Episode #22 - Common Archive and Compression Formats

Loading the player...

About Episode - Duration: 11 minutes, Published: 2014-04-24

In this episode, I wanted to talk about common archive and compression formats that you are likely to encounter on Linux machines. We will review the differences between archive and compression formats and then focus on how to create and extract these formats using various utilities.

Download: mp4 or webm

Get notified about future content via the mailing list, follow @jweissig_ on Twitter for episode updates, or use the RSS feed.

Links, Code, and Transcript


In this episode, I wanted to talk about common archive and compression formats that you are likely to encounter on Linux machines. We will review the differences between archive and compression formats and then focus on how to create and extract these formats using various utilities.

Before we dive in, I should define what I think the most common archive and compression formats are. As a benchmark, lets focus on how the Linux Kernel has been distributed for many years using three key archive and compression types. First we have the tar.gz package, personally I think this is the most common, next there is the tar.xz package which is gaining traction, and it is actually the default download type when you visit kernel.org looking for the Linux Kernel. Finally, we have tar.bz2, even though the distribution of the tar.bz2 package was dropped in late 2013, it is still very common out in the wild.
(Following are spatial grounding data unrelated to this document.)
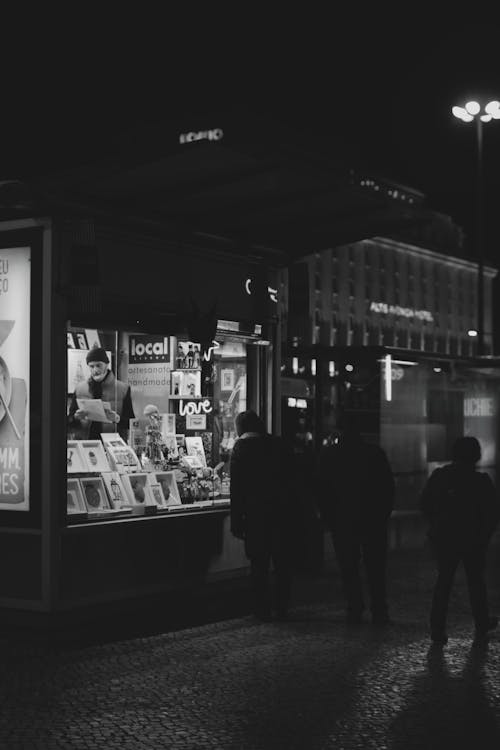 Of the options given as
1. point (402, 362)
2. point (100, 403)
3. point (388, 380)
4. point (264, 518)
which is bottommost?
point (264, 518)

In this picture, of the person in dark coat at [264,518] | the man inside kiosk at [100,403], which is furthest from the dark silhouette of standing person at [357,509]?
the man inside kiosk at [100,403]

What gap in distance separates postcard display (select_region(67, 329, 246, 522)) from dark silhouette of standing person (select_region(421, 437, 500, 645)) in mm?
2607

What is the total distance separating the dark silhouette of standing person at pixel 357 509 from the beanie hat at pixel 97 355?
7.06 ft

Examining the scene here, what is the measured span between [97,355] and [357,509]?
8.66ft

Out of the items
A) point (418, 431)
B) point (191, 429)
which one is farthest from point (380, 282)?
point (191, 429)

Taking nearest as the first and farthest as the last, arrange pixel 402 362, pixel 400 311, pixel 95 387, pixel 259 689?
pixel 259 689
pixel 95 387
pixel 402 362
pixel 400 311

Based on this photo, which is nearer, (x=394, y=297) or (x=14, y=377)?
(x=14, y=377)

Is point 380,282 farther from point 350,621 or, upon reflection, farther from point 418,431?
point 350,621

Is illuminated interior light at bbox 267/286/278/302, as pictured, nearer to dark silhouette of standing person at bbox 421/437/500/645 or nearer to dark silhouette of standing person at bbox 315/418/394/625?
dark silhouette of standing person at bbox 315/418/394/625

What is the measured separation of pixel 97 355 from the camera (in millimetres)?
10367

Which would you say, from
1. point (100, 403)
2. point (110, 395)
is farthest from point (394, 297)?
point (100, 403)

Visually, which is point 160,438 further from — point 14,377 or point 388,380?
point 388,380

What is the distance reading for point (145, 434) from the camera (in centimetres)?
1092

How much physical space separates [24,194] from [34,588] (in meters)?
2.97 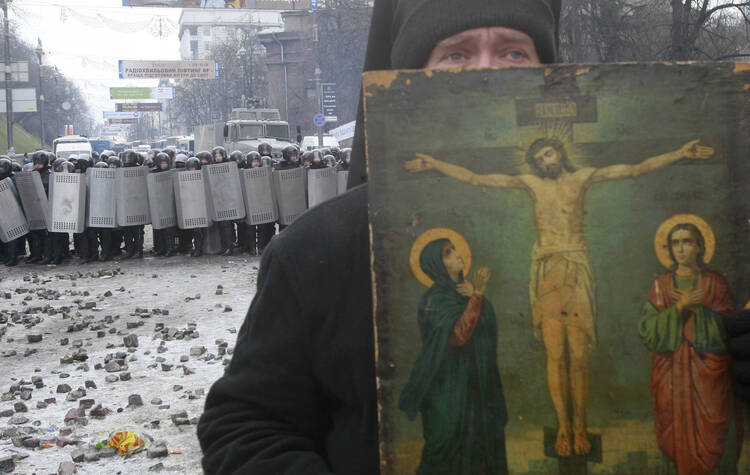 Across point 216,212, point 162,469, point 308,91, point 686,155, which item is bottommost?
point 162,469

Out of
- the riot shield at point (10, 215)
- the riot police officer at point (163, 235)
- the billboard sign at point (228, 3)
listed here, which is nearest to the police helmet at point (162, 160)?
the riot police officer at point (163, 235)

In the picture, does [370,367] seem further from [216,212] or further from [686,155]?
[216,212]

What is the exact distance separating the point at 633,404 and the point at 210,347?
6672 millimetres

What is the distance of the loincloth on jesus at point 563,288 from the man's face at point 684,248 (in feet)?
0.48

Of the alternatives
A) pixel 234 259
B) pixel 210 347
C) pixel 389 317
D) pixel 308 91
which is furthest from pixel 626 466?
pixel 308 91

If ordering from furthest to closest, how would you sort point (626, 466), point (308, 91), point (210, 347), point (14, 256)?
1. point (308, 91)
2. point (14, 256)
3. point (210, 347)
4. point (626, 466)

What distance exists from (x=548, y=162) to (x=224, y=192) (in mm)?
12947

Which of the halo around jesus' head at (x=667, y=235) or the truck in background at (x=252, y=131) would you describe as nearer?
the halo around jesus' head at (x=667, y=235)

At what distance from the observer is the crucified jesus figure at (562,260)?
1.25 meters

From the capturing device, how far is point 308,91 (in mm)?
60688

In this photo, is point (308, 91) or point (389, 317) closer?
point (389, 317)

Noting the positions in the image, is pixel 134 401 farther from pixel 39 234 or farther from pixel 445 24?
pixel 39 234

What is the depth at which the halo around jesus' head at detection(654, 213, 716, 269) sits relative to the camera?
1.26 m

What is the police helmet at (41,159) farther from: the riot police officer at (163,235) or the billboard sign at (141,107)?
the billboard sign at (141,107) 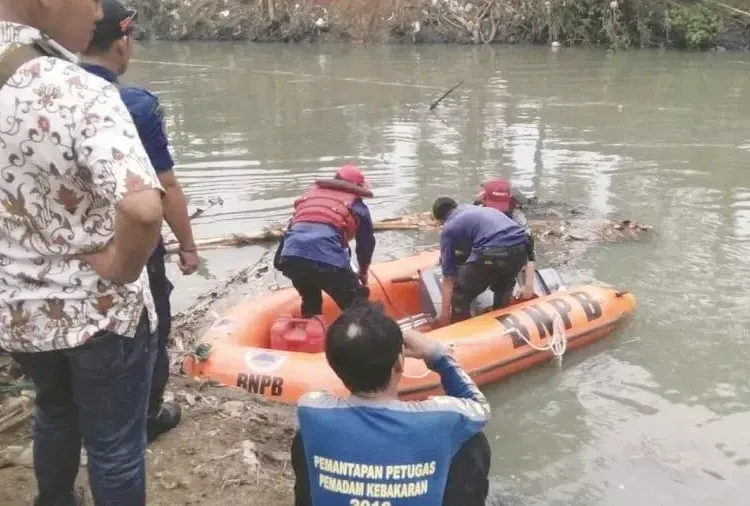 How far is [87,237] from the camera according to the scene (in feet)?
6.34

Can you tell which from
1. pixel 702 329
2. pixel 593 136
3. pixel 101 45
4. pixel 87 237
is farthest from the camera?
pixel 593 136

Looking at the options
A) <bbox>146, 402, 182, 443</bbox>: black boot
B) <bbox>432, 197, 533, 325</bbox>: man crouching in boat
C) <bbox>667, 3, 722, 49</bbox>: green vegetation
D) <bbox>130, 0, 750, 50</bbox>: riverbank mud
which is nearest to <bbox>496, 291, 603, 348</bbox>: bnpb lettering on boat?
<bbox>432, 197, 533, 325</bbox>: man crouching in boat

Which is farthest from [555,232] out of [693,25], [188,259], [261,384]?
[693,25]

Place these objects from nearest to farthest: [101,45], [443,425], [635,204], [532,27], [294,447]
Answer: [443,425]
[294,447]
[101,45]
[635,204]
[532,27]

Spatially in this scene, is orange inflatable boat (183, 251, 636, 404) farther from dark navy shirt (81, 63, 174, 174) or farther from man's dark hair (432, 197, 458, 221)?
dark navy shirt (81, 63, 174, 174)

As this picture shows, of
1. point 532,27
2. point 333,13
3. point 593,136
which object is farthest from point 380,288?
point 333,13

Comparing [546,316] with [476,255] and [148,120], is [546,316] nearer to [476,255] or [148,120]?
[476,255]

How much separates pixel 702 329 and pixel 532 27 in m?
17.9

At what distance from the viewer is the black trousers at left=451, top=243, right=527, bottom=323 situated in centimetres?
529

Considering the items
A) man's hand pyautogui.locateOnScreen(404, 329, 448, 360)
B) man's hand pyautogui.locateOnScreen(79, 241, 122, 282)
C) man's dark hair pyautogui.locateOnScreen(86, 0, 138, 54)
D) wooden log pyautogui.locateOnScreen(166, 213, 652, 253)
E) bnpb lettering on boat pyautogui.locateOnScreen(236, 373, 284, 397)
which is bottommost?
wooden log pyautogui.locateOnScreen(166, 213, 652, 253)

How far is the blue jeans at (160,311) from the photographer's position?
10.2ft

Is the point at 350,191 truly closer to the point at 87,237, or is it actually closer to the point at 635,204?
the point at 87,237

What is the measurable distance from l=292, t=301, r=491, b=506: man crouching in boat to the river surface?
A: 1829 millimetres

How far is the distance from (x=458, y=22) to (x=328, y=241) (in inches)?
772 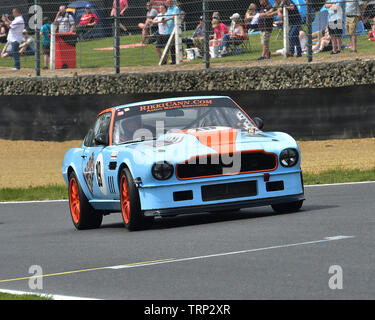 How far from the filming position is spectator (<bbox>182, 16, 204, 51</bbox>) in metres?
22.7

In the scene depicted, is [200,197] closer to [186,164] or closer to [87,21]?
[186,164]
You will notice that these packages are all prefixed with the word tar, this denotes the archive type, and then you have the tailing compression type, for example gz, xz, and bz2 are all different compression types. This is where the distinction between archive and compression formats comes in.

So, at this point we have defined three key archive and compression format combinations, but I also think this serves as a great example use case. The kernel.org site needs to distribute the Linux Kernel source code, so it packages these files and directories up using archive and compression tools with the goal of saving disk space, bandwidth, and making these packages much easier to work with and distribute.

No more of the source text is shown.